Sunday, November 4, 2012

Day 27: Trick r' Treat (2007)



Trick r' Treat (2007)
Starring: Dylan Baker, Anna Paquin, Brian Cox, Rochelle Aytes, Leslie Bibb
Category: New classic, favorite
Plot Tags: anthology, holiday
Original release: December 2007*
Format viewed: DVD - own collection
Directed by: Michael Dougherty
Written by: Michael Dougherty
Produced by : Bryan Singer
Distributed by: Warner Brothers*

Okay, so first things first, the (*) marks above and what they mean (at least to me). This film is one of many that got made and a bunch of lame-ass marketing people and a bunch of lame-ass studio types didn't know what to do with it. I base this on many accounts I've read about the production and subsequent shelving of the movie after it was made. The bottom line, as near as I can figure it, is that it wasn't an out and out comedy (because of the inherent meanness and dark humor) and it wasn't and out and out horror film (I guess if you know nothing of the genre' you'd think that) so they were unsure about how to position it. So there it sat, seeing only a handful of screenings from the tail end of 2007 into 2008 and 2009 and when I got my hands on it finally in October 2009, it took a couple weeks of tracking it down and ultimately got a copy entirely by accident. They printed some criminally small amount of copies at the time which meant Amazon couldn't ship it and no retailers even had much of a record of having one or two or not. I finally found it at a Best Buy way way north of where I live and even then it was mislabeled. Since that time, they've upped the print runs considerably and you can find it pretty much anywhere but at that time, it was a massive chore. Course, you could find enough copies of the terrible Halloween remake, the Amityville remake and 10,000 other remakes at the time to repanel your house if you were so inclined. Sigh. Okay, so the reason I'm writing all of this is that Trick r' Treat is an absolutely wonderful love letter to the whole mythos of Halloween, the traditions, the urban legends and all the rituals that surround it. It is a little freaky, a lot joyfully mean spirited and all together a hoot and deserved no part of the screw job the distributors put on it. 

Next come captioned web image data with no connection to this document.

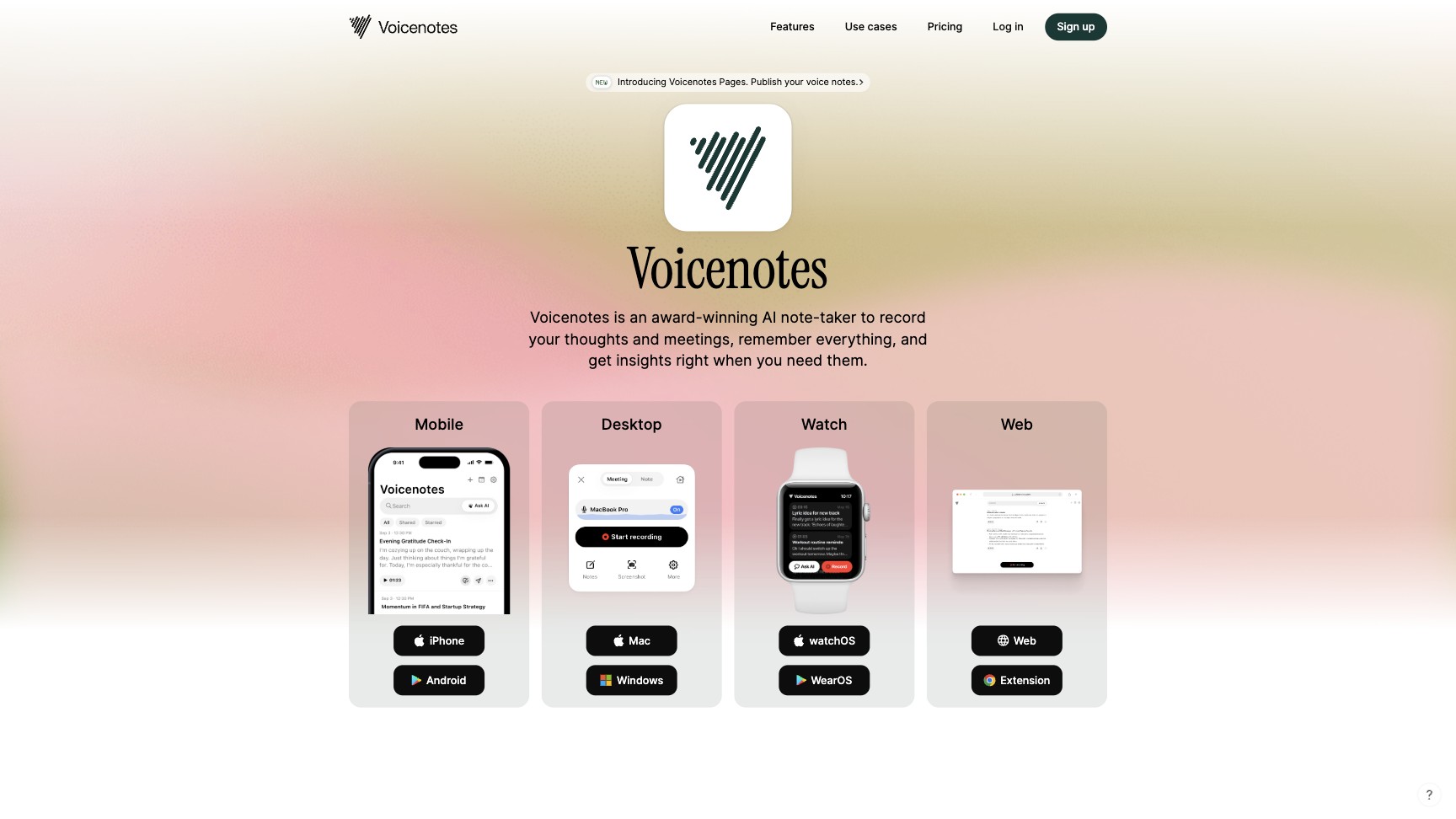 Voicenotes screenshot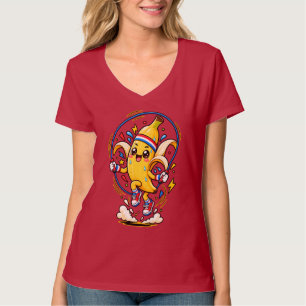 Happy Banana Jumping Rope Cartoon Fitness Mascot T-Shirt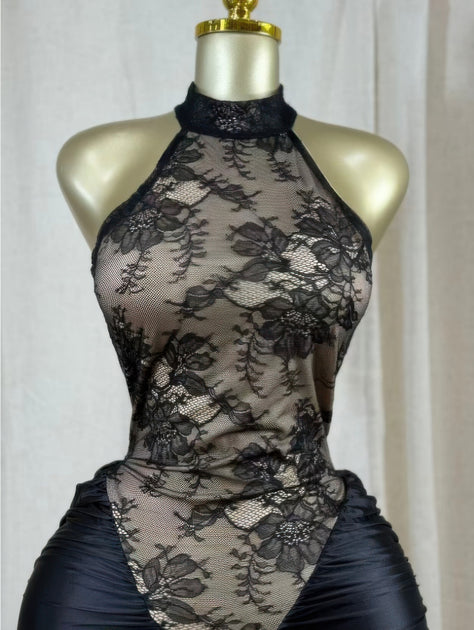 TRUEDAMES Crimson Lace Hourglass Dress Black Medium 4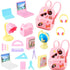 Zhanmai 21 Pieces Doll School Stuff, Mini School Supplies Playset for 11.5 Inch Dolls, Pink Backpack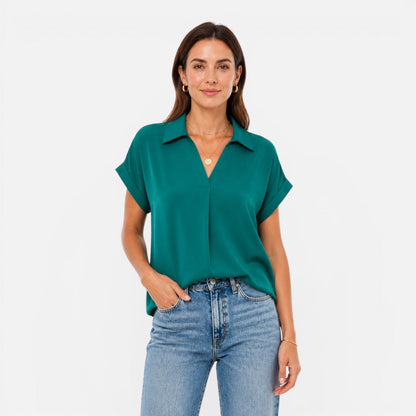Women's short-sleeve blouse with a V-neckline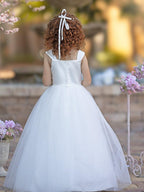 Ball-Gown/Princess Satin Tulle Ankle-length Flower Girl Dress - photo 4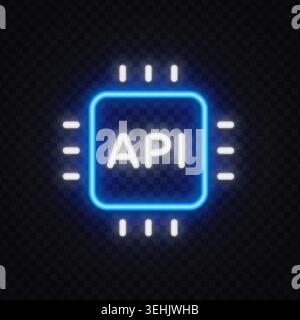 Bright neon API chip icon with futuristic electronic details. Modern technology symbol for coding, software interface or data processing. Stock Vector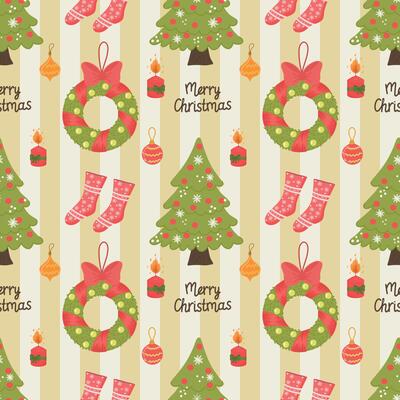seamless pattern with Christmas tree,toys, wreaths, socks, candles. Illustration for Christmas and New Year. illustration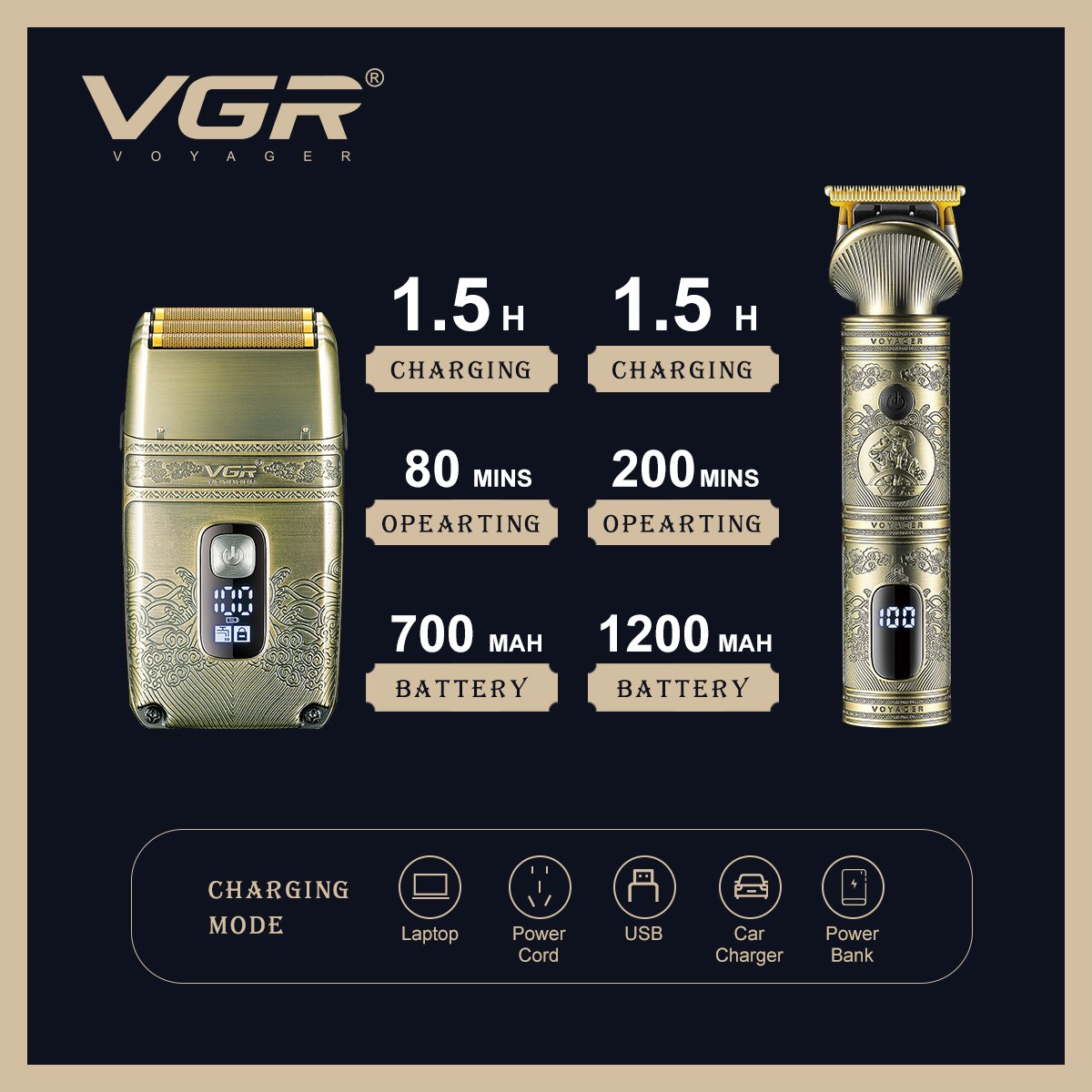 Metal Gold Electric Hair Trimmer and Shaver kit V-649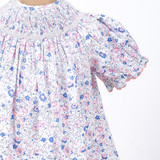 Pink & Blue Floral Print Embroidered Dress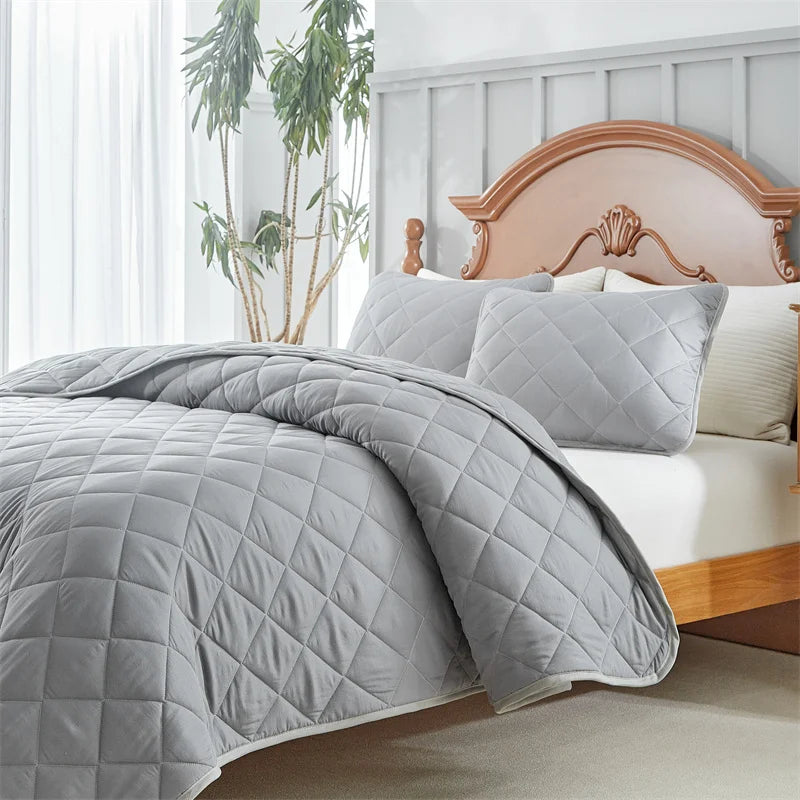 Soft Bedspreads Bed Coverlets for All Seasons Queen Quilt Bedding Set with Pillow Shams, Lightweight Quilts Queen Size Coverlet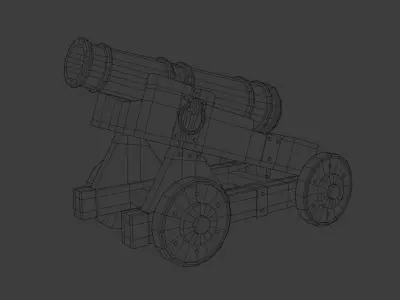 Cannon Low-poly 3D model 10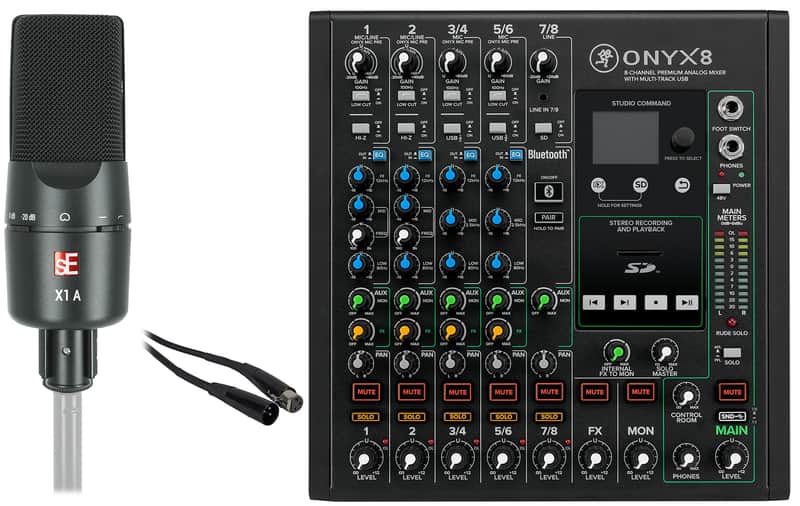 Mackie ONYX8 8-Channel Analog Mixer w/USB/3-Band EQ+Bluetooth+Se Electronics Mic image 1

Basically the story centers around four (maybe five) stories that intertwine over the course of one Halloween evening in a small town. One story is about the school principal (the great Dylan Baker - Thirteen Days, Road to Perdition) who seems to have a bent towards thinning the local herds and developing the family business. Another story involves a group of middle school ( I think) children who decide to play a prank on an autistic girl at their school by bringing her to the rock quarry and, after she tells the story of the bus driver who drove a bus full of developmentally disabled children into the quarry on purpose to ease their parents' burden, don zombie costumes and scare the crap out of her. Things develop beyond the prank and, well, goes a different way. Another story surrounds a tentative girl in her early 20s (Anna Paquin) who is being drug around by her sister and her friends to pick up men for a party. She is very unsure about this and it being her first time, regardless of the chiding of her sisters' friends. After the other three girls find dates, Laurie decides to stay behind and comes face to face with a hooded, masked guy who we've just seen is up to a whole lot more than just innocent fun and instead seems to be a bloodthirsty creature of the night. This changes a bit, after Laurie wanders into the forest and the party comes into greater focus. The last actual story surrounds a mean old man (Brian Cox) who is bothered and annoyed by neighborhood children who is forced to come face to face with the true spirit of Halloween in the form of a now familiar face, a little boy in a sack head costume who is a whole lot more than that. This little boy plays an integral part from the onset of the film and is a constant reminder of the true spirit of Halloween. 

So I am leaving out a lot in terms of what happens in each of these stories and the twists and turns of them because that is part of the great charm and fun of the film. Nothing is groundbreaking in terms of plot twists but the way that each story resolves itself and the way they overlap is very clever and ultimately very interesting to see how it continues on. This isn't a film for everyone, as it is a bit bloody at times and the fates of many of the characters can be somewhat unpleasant but on the whole it is entirely appropriate for yearly Halloween viewing and it is a film I've definitely grown to love on each subsequent viewing.